Start of Block
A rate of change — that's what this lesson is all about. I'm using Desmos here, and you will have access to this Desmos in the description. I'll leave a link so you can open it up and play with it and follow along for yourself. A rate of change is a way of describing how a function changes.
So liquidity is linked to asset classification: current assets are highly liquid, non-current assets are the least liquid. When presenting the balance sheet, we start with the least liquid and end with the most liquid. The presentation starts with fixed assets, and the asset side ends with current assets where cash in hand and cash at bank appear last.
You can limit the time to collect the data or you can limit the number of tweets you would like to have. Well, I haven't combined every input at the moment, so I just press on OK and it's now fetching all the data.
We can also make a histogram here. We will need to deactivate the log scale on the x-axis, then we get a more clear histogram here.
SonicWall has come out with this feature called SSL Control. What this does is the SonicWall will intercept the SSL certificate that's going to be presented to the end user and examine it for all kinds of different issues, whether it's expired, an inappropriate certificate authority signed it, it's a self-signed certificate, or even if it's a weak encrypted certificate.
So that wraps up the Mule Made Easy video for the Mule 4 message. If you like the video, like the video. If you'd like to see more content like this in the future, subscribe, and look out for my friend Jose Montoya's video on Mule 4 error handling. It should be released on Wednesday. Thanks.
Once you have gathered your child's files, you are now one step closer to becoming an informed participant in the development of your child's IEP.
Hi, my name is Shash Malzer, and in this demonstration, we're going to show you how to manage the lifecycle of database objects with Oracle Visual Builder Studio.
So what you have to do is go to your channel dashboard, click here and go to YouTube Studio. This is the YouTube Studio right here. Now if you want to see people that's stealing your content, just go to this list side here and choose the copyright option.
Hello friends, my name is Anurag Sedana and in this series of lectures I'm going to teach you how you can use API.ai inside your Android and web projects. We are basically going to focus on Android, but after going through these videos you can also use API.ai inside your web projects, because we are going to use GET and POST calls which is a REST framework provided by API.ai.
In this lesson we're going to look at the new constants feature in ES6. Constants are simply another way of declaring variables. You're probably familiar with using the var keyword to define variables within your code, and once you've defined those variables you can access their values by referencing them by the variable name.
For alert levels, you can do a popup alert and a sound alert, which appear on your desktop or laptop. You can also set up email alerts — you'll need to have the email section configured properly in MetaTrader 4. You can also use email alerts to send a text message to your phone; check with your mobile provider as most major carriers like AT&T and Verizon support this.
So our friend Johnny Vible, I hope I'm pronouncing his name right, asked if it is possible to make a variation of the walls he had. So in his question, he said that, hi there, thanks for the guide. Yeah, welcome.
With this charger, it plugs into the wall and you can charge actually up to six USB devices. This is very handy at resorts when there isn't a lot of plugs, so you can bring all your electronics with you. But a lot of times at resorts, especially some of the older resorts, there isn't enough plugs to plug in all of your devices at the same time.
End of Block
### Assignment
Can you write out the lines above, from the first one through the one containing "We can also", exactly as they appear and nothing more?

### Response for this exercise
A rate of change — that's what this lesson is all about. I'm using Desmos here, and you will have access to this Desmos in the description. I'll leave a link so you can open it up and play with it and follow along for yourself. A rate of change is a way of describing how a function changes.
So liquidity is linked to asset classification: current assets are highly liquid, non-current assets are the least liquid. When presenting the balance sheet, we start with the least liquid and end with the most liquid. The presentation starts with fixed assets, and the asset side ends with current assets where cash in hand and cash at bank appear last.
You can limit the time to collect the data or you can limit the number of tweets you would like to have. Well, I haven't combined every input at the moment, so I just press on OK and it's now fetching all the data.
We can also make a histogram here. We will need to deactivate the log scale on the x-axis, then we get a more clear histogram here.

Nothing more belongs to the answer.